Automatic Interpretation of Digital Pathology Images Using Deep Learning
In this NSF-funded project, we are developing a digital imaging system using big data and machine learning algorithms to automatically characterize pathology slides. We have developed a sustainable facility to rapidly collect automatically annotated slide images. This project has produced the necessary data resources to support the development of high performance deep learning models.
Overview
We had proposed a collaborative and interdisciplinary project to
detect and characterize cancerous cells in digitized images of
pathology slides, while also producing the world's largest catalog
of research-grade digital pathology slides.
The research allowed our uniquely qualified team, which spans the
disciplines of pathology, engineering and computer science, to pursue
center-level investments from NSF and NIH.

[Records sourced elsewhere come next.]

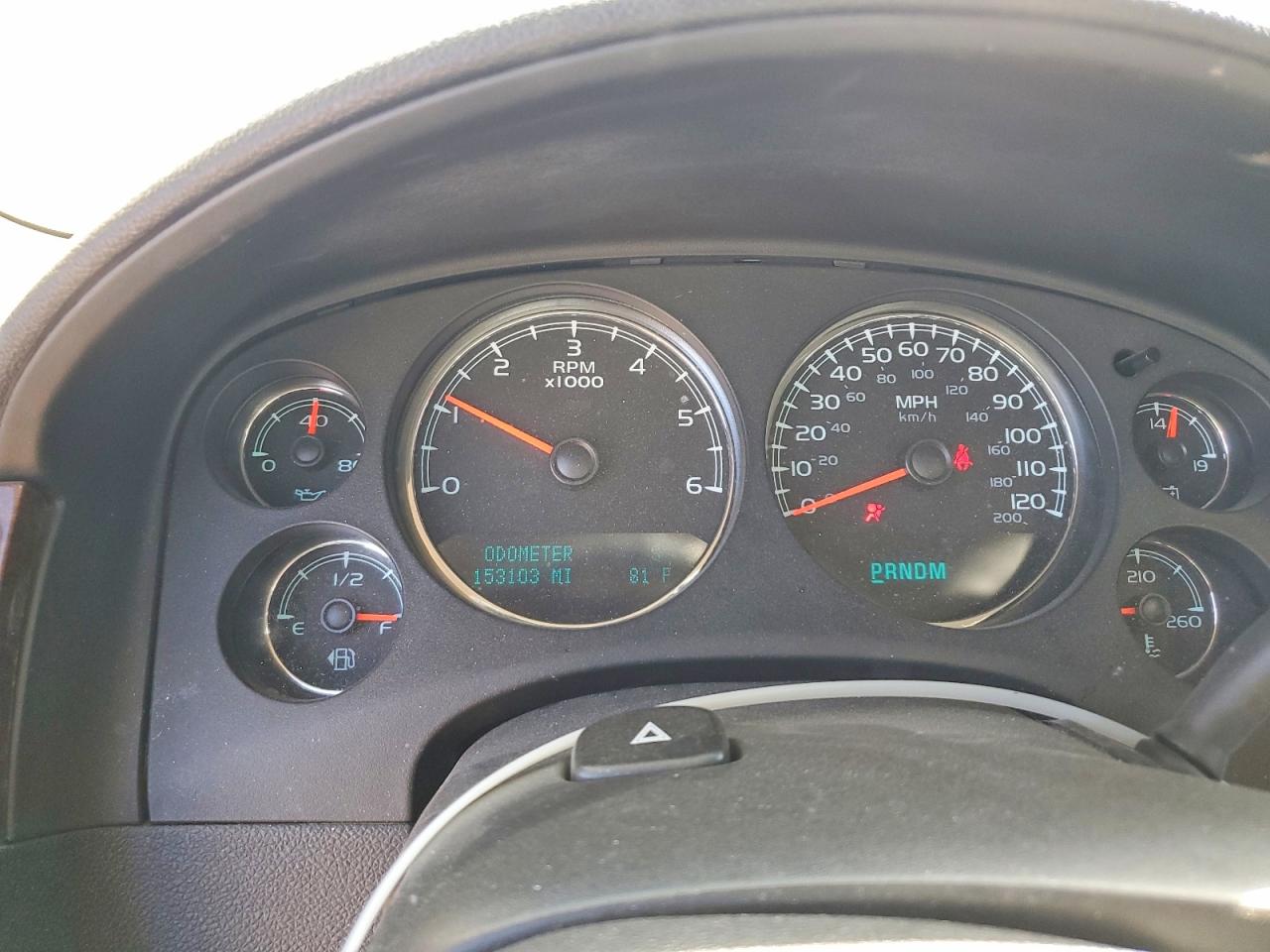 GMC Yukon Denali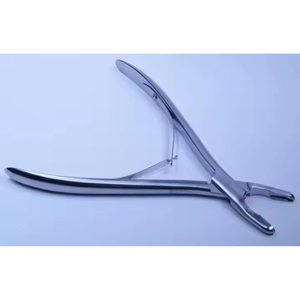 Surgiright Luer hueso Rongeur en acero inoxidable disponible en todos los tamaños de animales veterinarios instrumentos ortopédicos - Product Image 3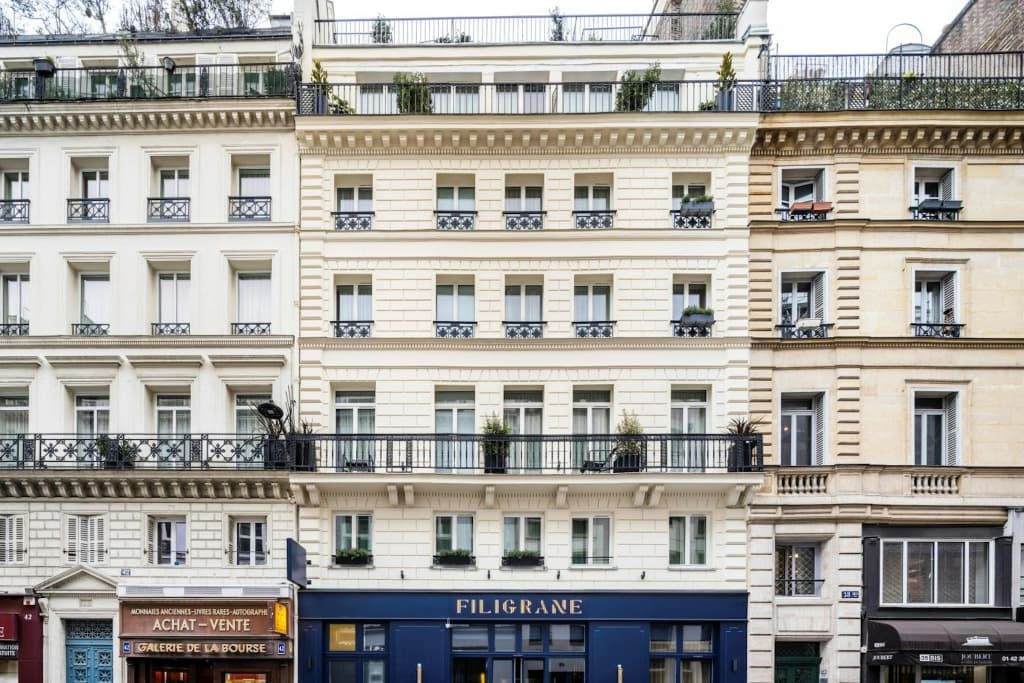 Hôtel Filigrane & Spa - photo 1
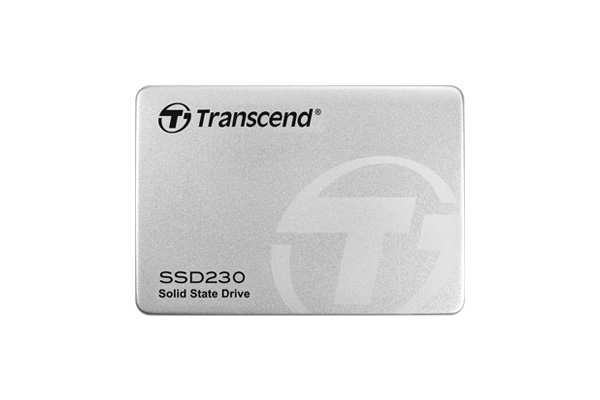 TRANSCEND SATA III-SSD 370s-1TB -6 gbps Aluminium Case - Internal SSD
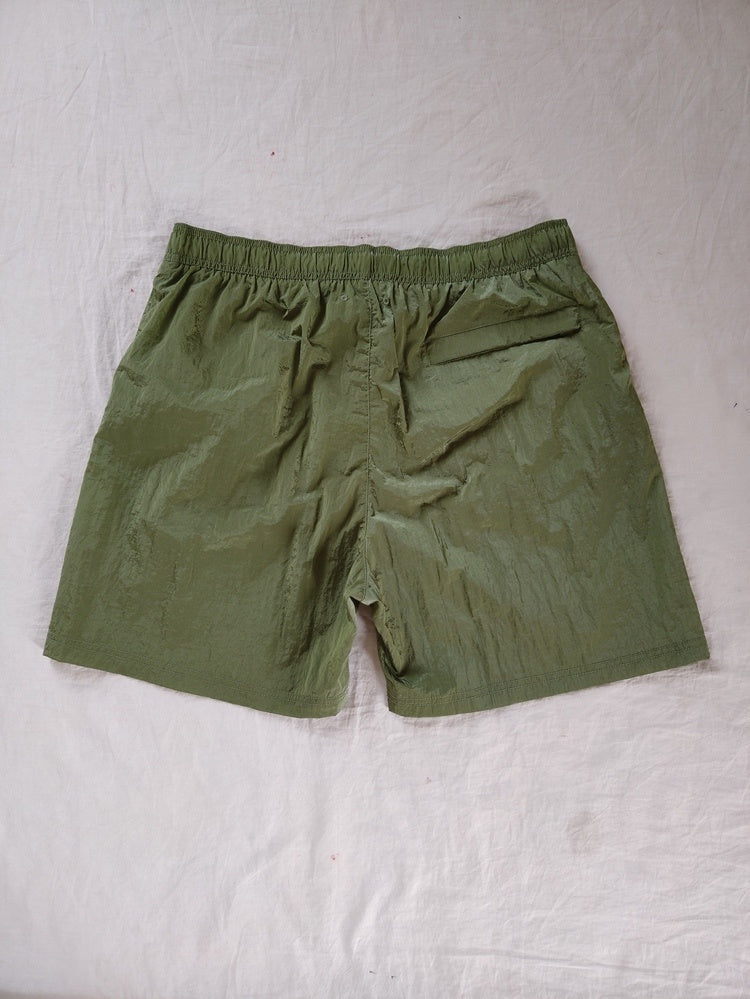 SI SWIM SHORTS - GREEN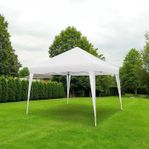 Partytält 3x3 m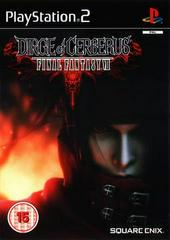 Final Fantasy VII Dirge of Cerberus - PAL Playstation 2 | Anubis Games and Hobby
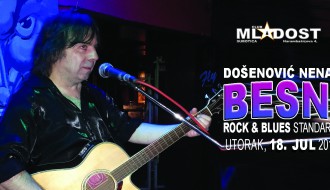 Veče Rock & Blues standarda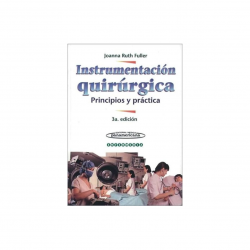 Fuller - Instrumentación quirúrgica 3Ed. - Panamericana - Outlet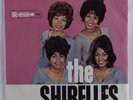 Northern Soul Popcorn Girl Group 45 SHIRELLES Foolish SCEPTER pic sleeve HEAR
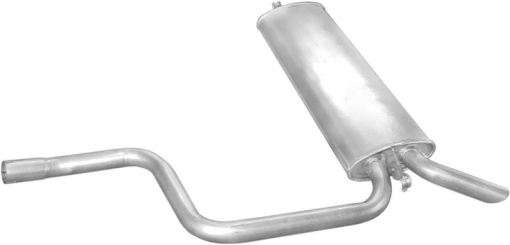 Toba finala esapament potrivit MERCEDES 124 T-MODEL (S124) 2.0-2.5D 09.85-06.93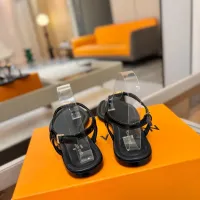 $112.00 USD Louis Vuitton Sandal For Women #1454127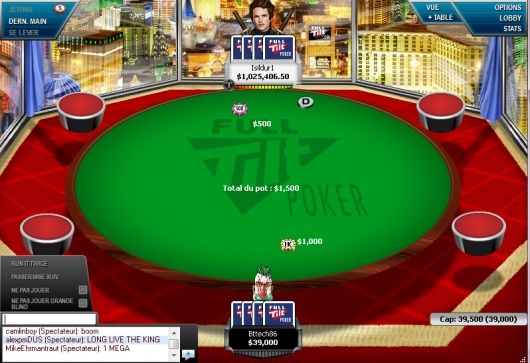 Poker High Stakes : "Isildur1" prend 1.743.122$ à "Bttech86" en une journée E9072810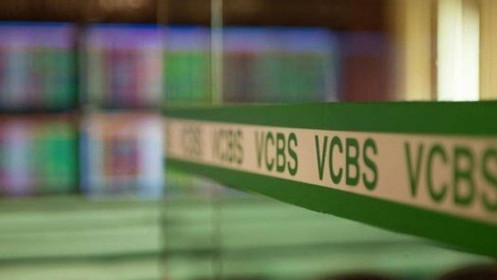 VCBS báo lãi quý 3 giảm gần 59%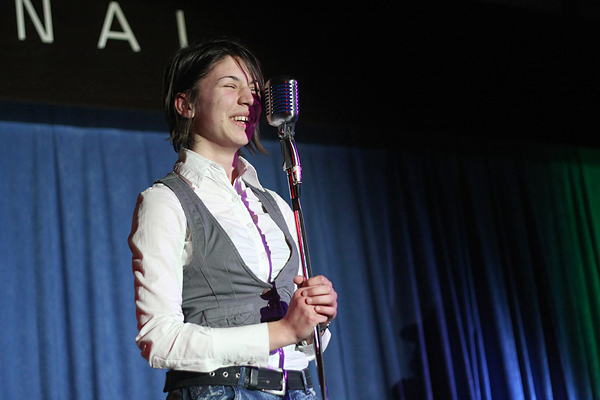 ‘Panč’ festival – prva večer (foto:Saša Čuka) ‘Panč’ festival – prva večer (foto:Saša Čuka)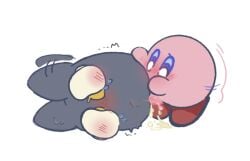cum kirby kirby_(series) magolor nintendo pussy tapering_penis vaginal_penetration waddling_head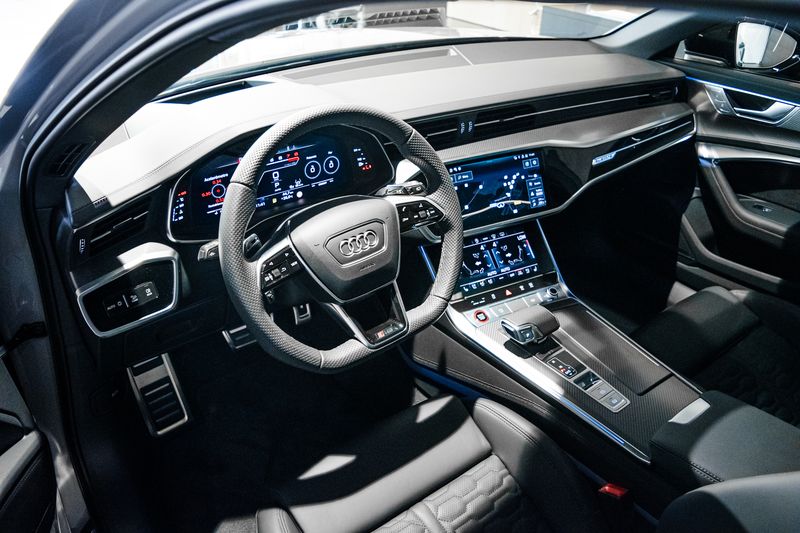 Audi RS 6 • 2024 • 1,300 km 3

Over 10 million slides are read each year in the U.S. alone. Tapping into a fraction of this data allows significant advancement of the science. Healthcare providers and machine learning researchers will be able to access an open source high-quality searchable archive of clinical data. More information on this project can be found here.
Goals
Our initial goal will be to combine image data extracted from a digital slide scanner with text data extracted from medical reports. Pathology reports contain unstructured text data that describe patient histories, medications and diagnoses.
We are developing our database, processing high-resolution digital pathology images, and performing integrated text processing using Visio-and-Language queries.